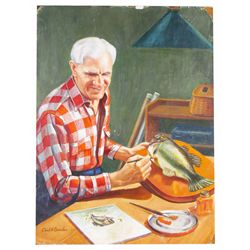 Original Illustration Art by Carl H. Bender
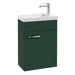 Sonas Charm 450mm 1 Door Wall Hung Vanity Unit With Basin -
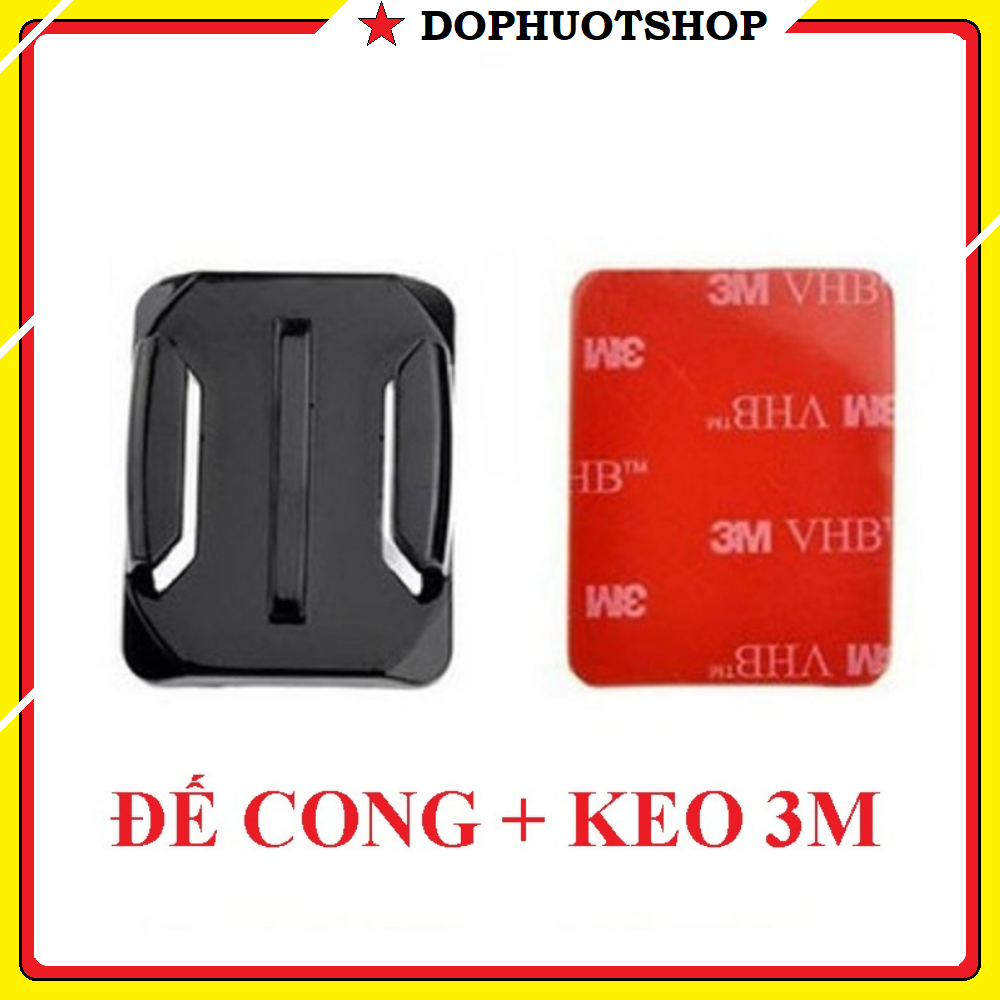 Bộ 2 Món Đế + Keo 3M Dành Cho Camera Hành Trình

++++++

Take every line of the material and copy it exactly, leaving out the pictures.

 Original Illustration Art by Carl H. Bender
 Sonas Charm 450mm 1 Door Wall Hung Vanity Unit With Basin -
 Bộ 2 Món Đế + Keo 3M Dành Cho Camera Hành Trình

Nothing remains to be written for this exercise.